A domain name becomes a business’ online brand, and sometimes its offline brand as well – think Amazon.com, Salesforce.com, or Furniture.com.  Your domain name usually will appear on every marketing piece, every advertisement, every business card, and every email of your business for the life of your business.

It is the first step for customers finding you online.  If a customer can’t remember your domain name, then they’re not likely to find your business online.

A strong generic brand is instantly memorable.  Companies using fanciful domains such as Yahoo!, GoDaddy, or CareerBuilder have had to spend tens of millions of dollars promoting their brand and building brand awareness.  But Cars.com, Jobs.com or Shoes.com have an instant, memorable brand as well as instant credibility, saving them millions of dollars in marketing costs.

There are hundreds of thousands of businesses in the world, large and small.  But there is only a relatively small number of strong, brandable, dot-com domains.  The importance of a powerful, memorable, domain name combined with a limited supply and high demand, creates significant value for the better domain names.

How does a domain purchase transaction work?

This depends on how the owner wishes to proceed.  If the domain is inexpensive, often times you will be able to pay with PayPal, credit card, or wire transfer.  For more expensive domain names, owners will likely require the use of a licensed escrow service, such as Escrow.com, SEDO.com, or Moniker.com.

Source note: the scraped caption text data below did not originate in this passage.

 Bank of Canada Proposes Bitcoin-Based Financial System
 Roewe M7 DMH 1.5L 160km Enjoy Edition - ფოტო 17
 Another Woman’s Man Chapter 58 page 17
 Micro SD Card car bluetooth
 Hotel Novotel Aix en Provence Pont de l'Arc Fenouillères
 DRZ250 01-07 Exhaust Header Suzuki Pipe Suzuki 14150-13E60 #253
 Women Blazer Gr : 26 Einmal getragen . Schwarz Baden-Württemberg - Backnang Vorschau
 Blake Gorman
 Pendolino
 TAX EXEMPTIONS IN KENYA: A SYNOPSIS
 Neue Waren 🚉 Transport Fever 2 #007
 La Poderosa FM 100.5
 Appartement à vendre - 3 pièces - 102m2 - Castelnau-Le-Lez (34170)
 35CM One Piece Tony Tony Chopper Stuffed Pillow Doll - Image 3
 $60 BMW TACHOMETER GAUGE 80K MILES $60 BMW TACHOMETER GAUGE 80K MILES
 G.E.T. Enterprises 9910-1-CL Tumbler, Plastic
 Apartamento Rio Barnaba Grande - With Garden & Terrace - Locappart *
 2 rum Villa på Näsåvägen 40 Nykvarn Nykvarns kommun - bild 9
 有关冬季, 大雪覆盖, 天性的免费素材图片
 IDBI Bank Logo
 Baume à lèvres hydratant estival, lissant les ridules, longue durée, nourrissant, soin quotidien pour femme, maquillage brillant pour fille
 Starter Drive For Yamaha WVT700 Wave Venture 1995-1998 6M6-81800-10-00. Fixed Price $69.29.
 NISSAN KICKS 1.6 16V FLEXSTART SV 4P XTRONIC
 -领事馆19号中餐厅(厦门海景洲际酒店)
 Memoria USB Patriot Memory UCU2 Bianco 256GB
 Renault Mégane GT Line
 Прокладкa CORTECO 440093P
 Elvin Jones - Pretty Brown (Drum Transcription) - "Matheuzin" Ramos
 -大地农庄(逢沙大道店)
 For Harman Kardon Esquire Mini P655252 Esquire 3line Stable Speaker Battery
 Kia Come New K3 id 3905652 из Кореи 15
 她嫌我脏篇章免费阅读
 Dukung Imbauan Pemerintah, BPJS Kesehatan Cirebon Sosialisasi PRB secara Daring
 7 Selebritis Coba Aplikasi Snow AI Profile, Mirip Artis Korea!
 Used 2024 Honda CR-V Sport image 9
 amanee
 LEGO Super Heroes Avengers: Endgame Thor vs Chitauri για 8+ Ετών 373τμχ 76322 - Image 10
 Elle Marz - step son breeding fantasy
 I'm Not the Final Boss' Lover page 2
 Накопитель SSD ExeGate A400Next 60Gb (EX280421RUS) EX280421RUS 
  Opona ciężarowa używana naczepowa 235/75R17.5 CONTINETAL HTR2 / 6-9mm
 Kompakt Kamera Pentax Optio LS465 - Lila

Once payment is made, the transfer of the domain to your ownership and control can also be completed in many ways.  The quickest is usually an account change at the same registrar, these types of transfers are usually free and instantaneous.  A domain can also be transferred from one registrar to another, such as from Moniker to GoDaddy.  These transfers can take up to a week to process, and usually include one year renewal fee at the gaining registrar.

How does the escrow process work?

The process is fairly similar across the various service providers.  For example, at SEDO or Moniker, you would start by submitting payment to the escrow company.  Once they have secured your funds, the domain owner would transfer the domain name to the escrow company.  At that point, the escrow company will simultaneously release your funds to the seller, and transfer the domain name to you.

At Escrow.com, the company does not take possession of the domain name.  Instead, after the escrow company secures your payment, the domain owner transfers the domain directly to you, the buyer.  Once you verify that the domain name is under your control, you notify Escrow.com, and they will release the funds to the seller.

Escrow companies ensure that the transaction happens safely and securely.  Domain owners usually have a preferred escrow provider that they will use to handle the sales of their domain names.

Are there any future costs associated with domain ownership?

The price you pay for a domain name is a one time fee.  After that, your only financial responsibility is to pay the yearly renewal fees at your registrar.  The renewal price for .com, .net, and .org domains varies depending on the registrar and the services offered but is usually between $8 to $35 per year.